All lines from the one that contains "Pro otevření v" through the close of the entries below are to be repeated exactly, without any pictures.

▼

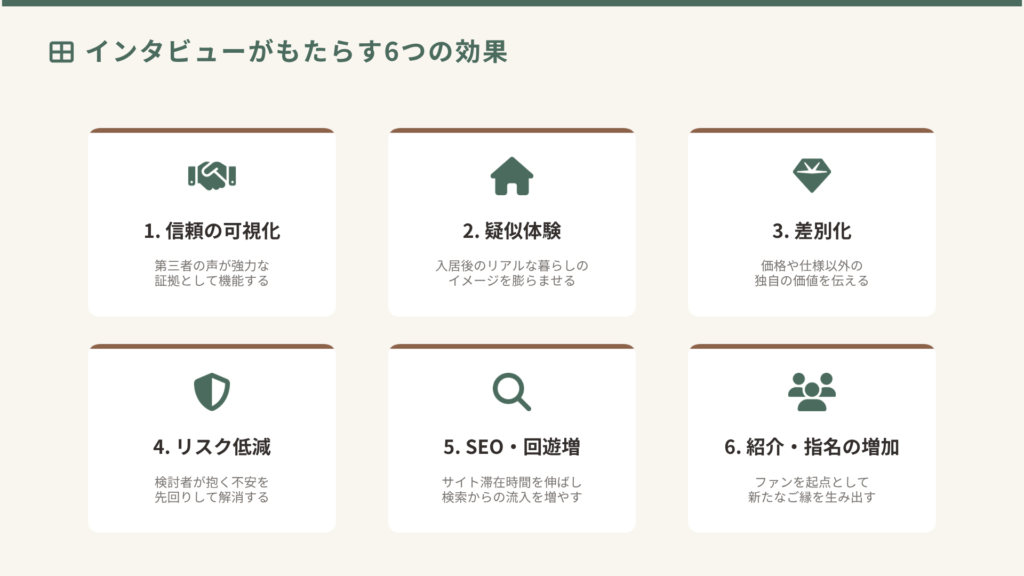 工務店広報のはぐくむ_インタビューコンテンツのつくり方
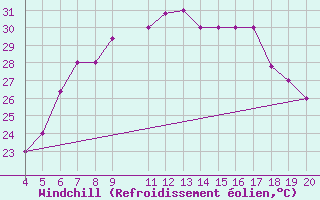 Courbe du refroidissement olien pour Kefalhnia Airport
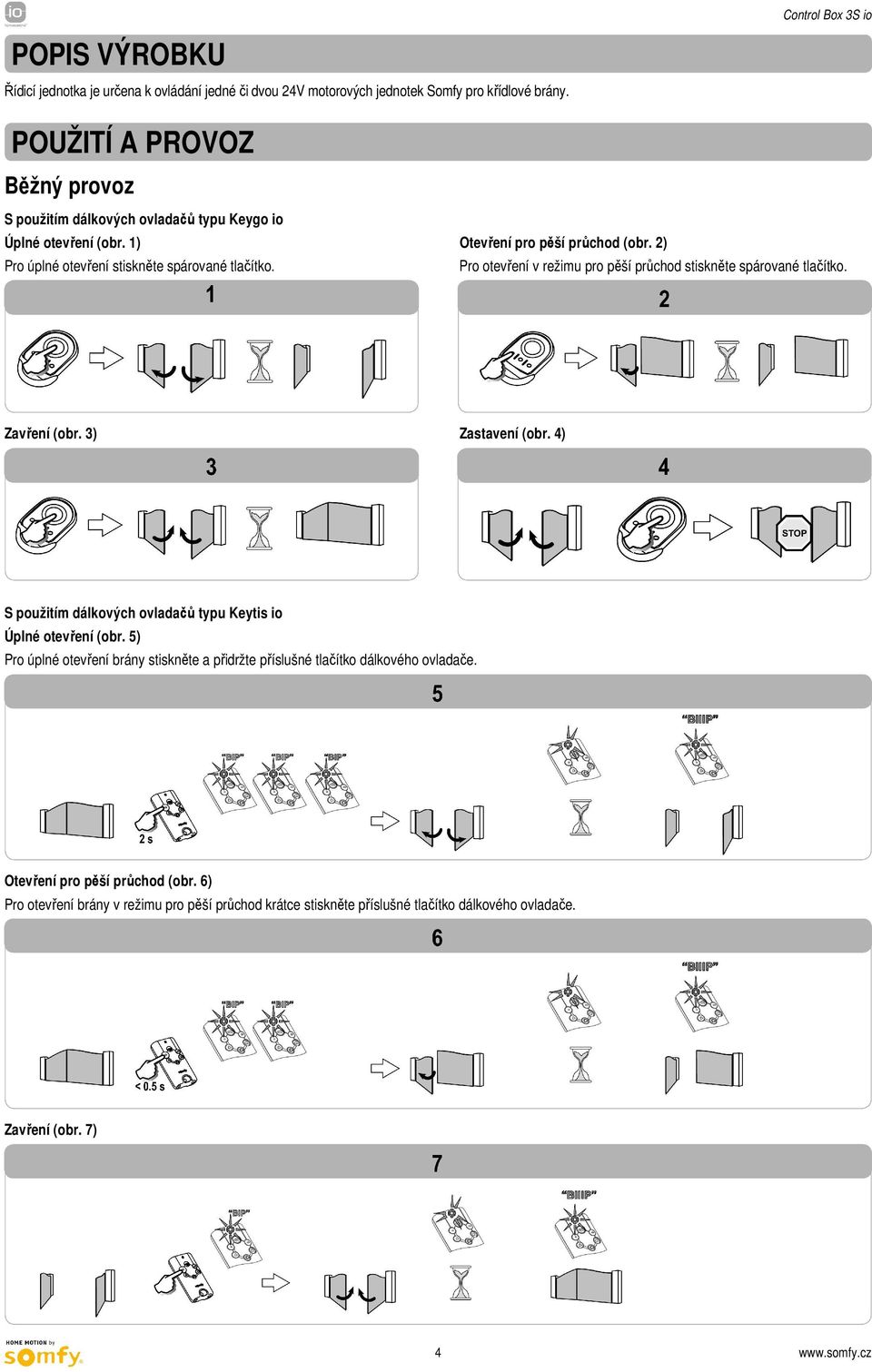 Pro otevření v režimu pro pěší průchod stiskněte spárované tlačítko. Zavření (obr. 3) Zastavení (obr. 4) S použitím dálkových ovladačů typu Keytis io Úplné otevření (obr.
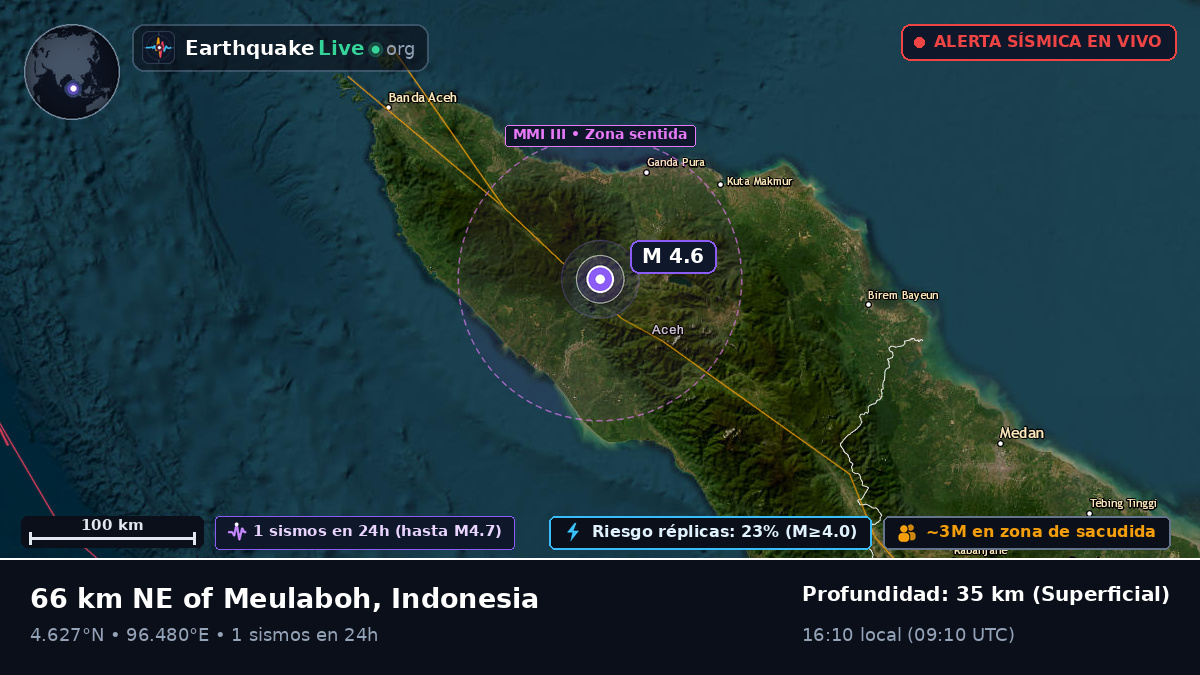 Aceh, Indonesia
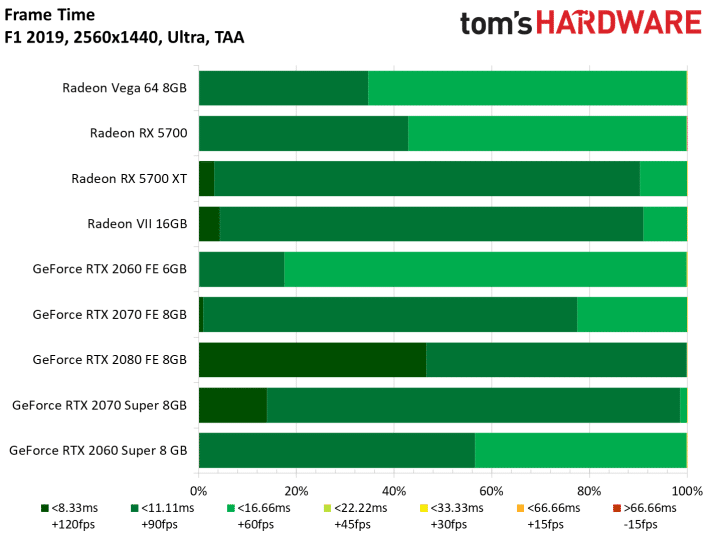 Image 91 : Test : Radeon RX 5700 et 5700 XT, AMD se remet au niveau avec Navi !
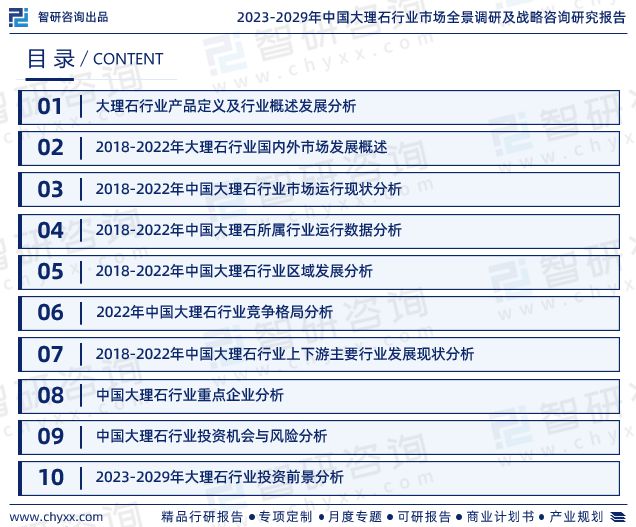 智研咨询发布：中国大理石行业市场现状、发展环境及深度分析报告(图2)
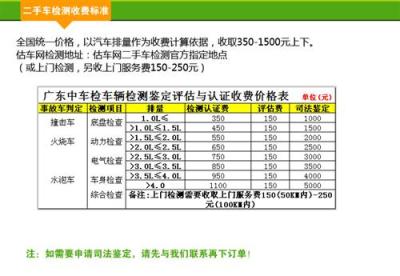 车辆综合性能评估与车况深度检测报告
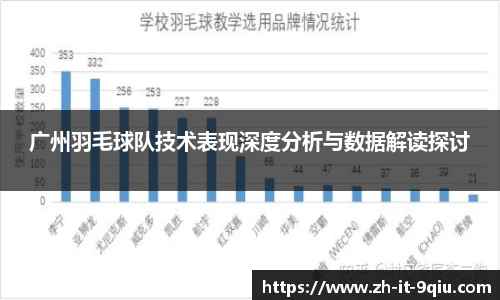 广州羽毛球队技术表现深度分析与数据解读探讨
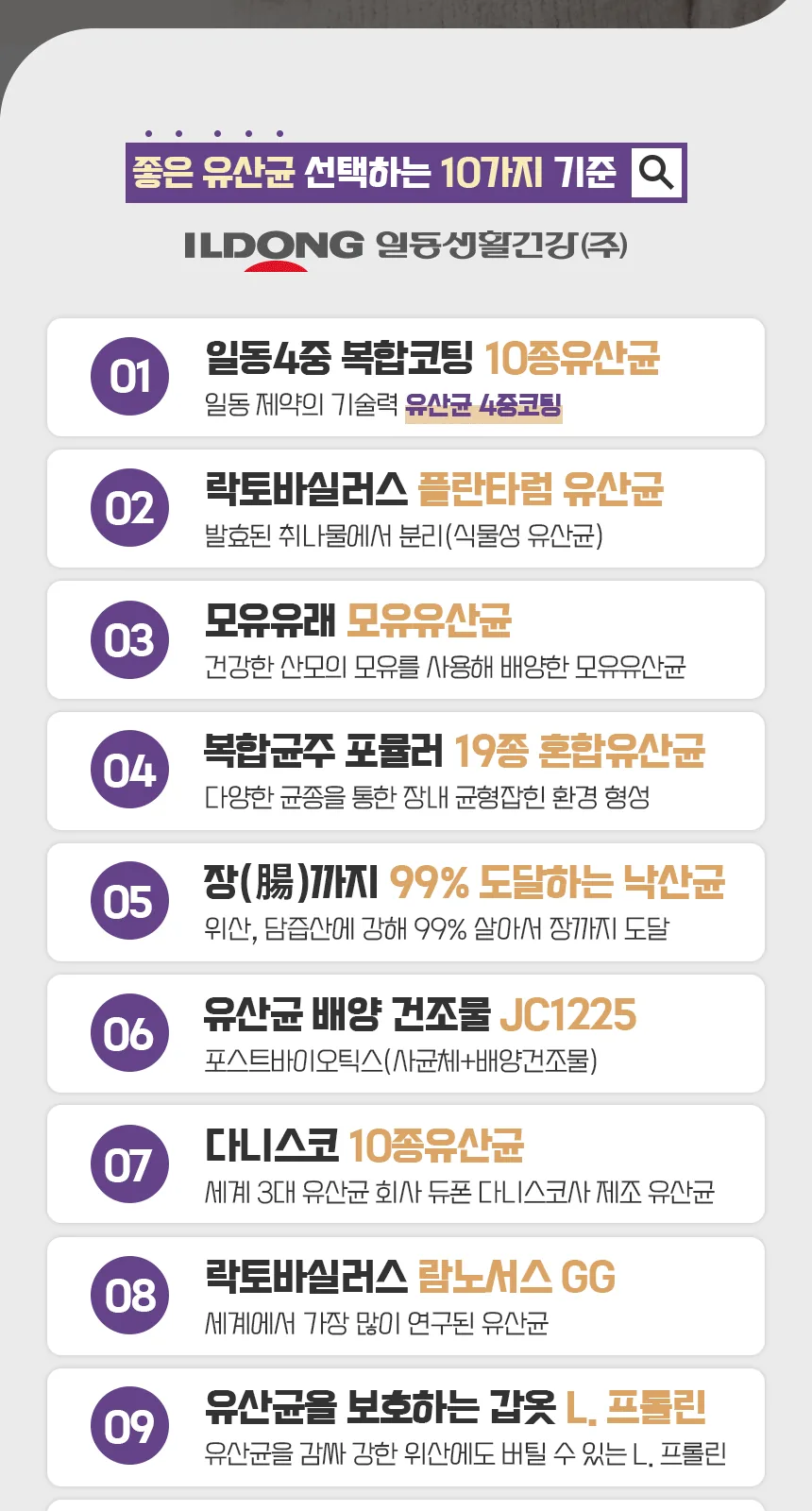 일동생활건강 생유산균 100억 낙산균 포스트바이오틱스 상세 설명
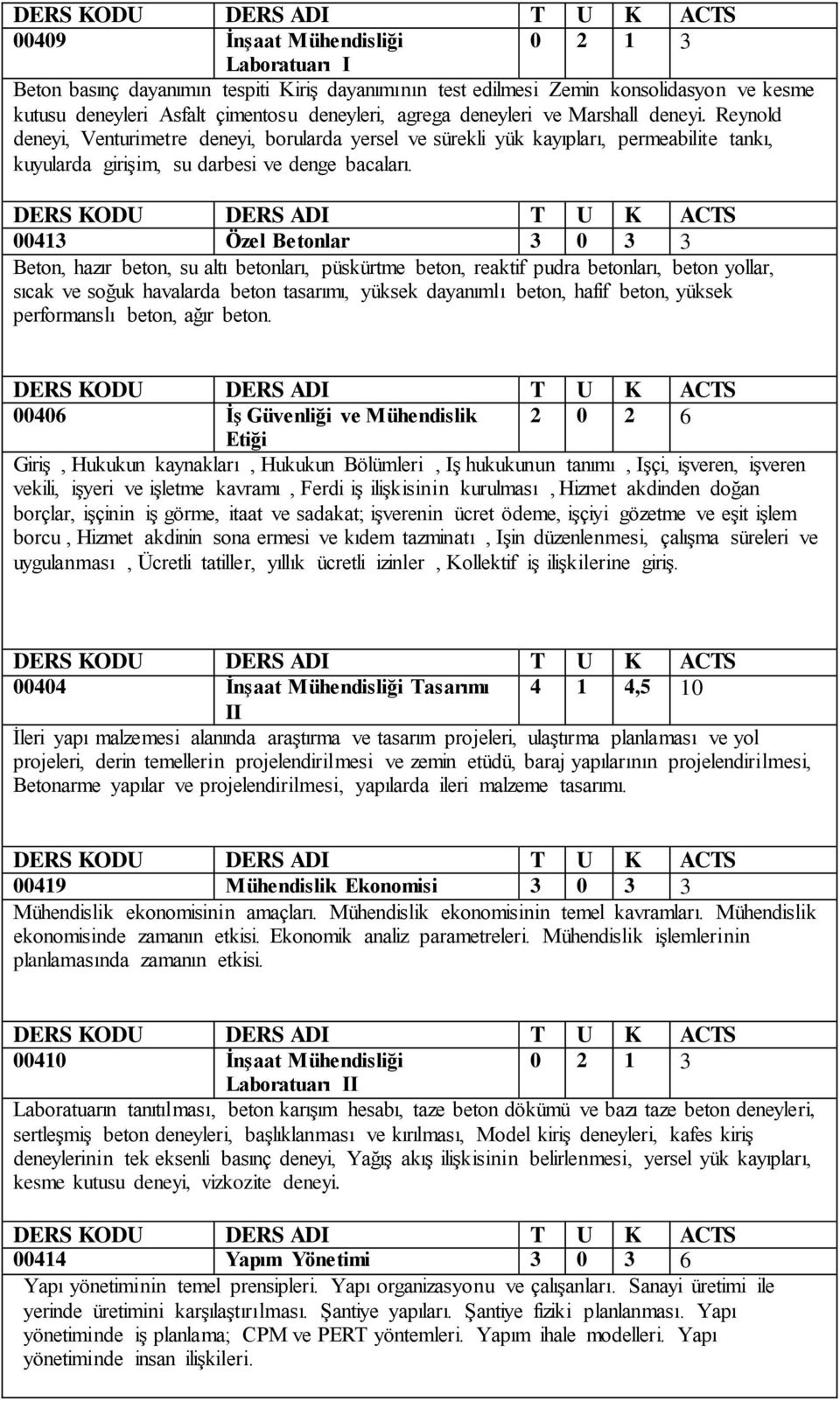 00413 Özel Betonlar 3 0 3 3 Beton, hazır beton, su altı betonları, püskürtme beton, reaktif pudra betonları, beton yollar, sıcak ve soğuk havalarda beton tasarımı, yüksek dayanımlı beton, hafif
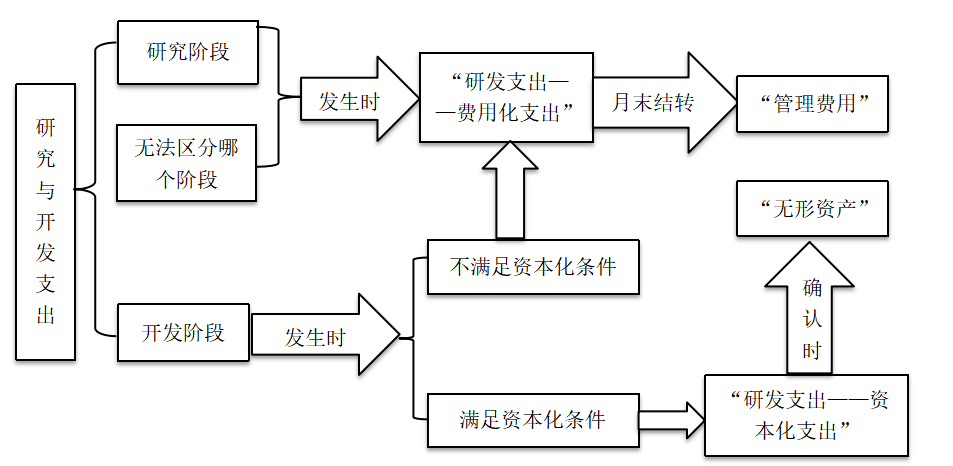 浅析高新企业加计扣除的会计和税务处理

▲

*ANSWER AREA*
 Pro otevření v režimu pro pěší průchod stiskněte spárované tlačítko. Zavření (obr. 3) Zastavení (obr. 4) S použitím dálkových ovladačů typu Keytis io Úplné otevření (obr.
 Aceh, Indonesia
 Image 91 : Test : Radeon RX 5700 et 5700 XT, AMD se remet au niveau avec Navi !
 智研咨询发布：中国大理石行业市场现状、发展环境及深度分析报告(图2)
 车辆综合性能评估与车况深度检测报告
 广州羽毛球队技术表现深度分析与数据解读探讨
 일동생활건강 생유산균 100억 낙산균 포스트바이오틱스 상세 설명
 00413 Özel Betonlar 3 0 3 3 Beton, hazır beton, su altı betonları, püskürtme beton, reaktif pudra betonları, beton yollar, sıcak ve soğuk havalarda beton tasarımı, yüksek dayanımlı beton, hafif
 浅析高新企业加计扣除的会计和税务处理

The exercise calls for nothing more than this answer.